Items from a dataset:
++++++++
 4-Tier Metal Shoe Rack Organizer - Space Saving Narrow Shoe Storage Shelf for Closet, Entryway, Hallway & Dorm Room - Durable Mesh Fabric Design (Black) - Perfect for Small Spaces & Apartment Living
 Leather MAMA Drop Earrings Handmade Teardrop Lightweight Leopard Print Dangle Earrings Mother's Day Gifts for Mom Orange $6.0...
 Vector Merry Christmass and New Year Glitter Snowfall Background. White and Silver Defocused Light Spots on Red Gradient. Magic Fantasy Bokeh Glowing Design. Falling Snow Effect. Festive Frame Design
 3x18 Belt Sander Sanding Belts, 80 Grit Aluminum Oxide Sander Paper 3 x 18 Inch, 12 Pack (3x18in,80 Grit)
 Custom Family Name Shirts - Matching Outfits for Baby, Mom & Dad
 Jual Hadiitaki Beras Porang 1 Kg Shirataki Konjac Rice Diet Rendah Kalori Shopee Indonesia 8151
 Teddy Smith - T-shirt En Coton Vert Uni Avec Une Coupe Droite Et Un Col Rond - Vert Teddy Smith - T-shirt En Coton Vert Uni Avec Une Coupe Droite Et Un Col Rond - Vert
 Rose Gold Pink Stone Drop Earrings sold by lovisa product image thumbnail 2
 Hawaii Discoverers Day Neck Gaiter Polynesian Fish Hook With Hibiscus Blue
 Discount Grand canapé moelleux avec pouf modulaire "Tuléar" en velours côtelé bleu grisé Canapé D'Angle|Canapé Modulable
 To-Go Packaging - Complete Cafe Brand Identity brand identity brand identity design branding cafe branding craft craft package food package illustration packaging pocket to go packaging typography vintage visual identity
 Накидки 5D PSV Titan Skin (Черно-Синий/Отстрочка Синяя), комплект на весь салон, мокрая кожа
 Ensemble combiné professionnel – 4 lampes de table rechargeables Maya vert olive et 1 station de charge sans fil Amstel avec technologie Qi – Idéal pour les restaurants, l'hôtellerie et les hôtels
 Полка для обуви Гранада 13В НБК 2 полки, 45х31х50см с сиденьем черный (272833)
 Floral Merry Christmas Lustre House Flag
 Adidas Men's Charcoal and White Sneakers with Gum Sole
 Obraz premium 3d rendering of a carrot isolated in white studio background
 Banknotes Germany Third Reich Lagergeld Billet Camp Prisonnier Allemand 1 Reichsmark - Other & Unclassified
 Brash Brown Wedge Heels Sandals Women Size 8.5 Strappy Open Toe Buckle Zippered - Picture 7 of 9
++++++++
Whenever the string "Merry" occurs in a line of the entries above, copy that line.

 Vector Merry Christmass and New Year Glitter Snowfall Background. White and Silver Defocused Light Spots on Red Gradient. Magic Fantasy Bokeh Glowing Design. Falling Snow Effect. Festive Frame Design
 Floral Merry Christmas Lustre House Flag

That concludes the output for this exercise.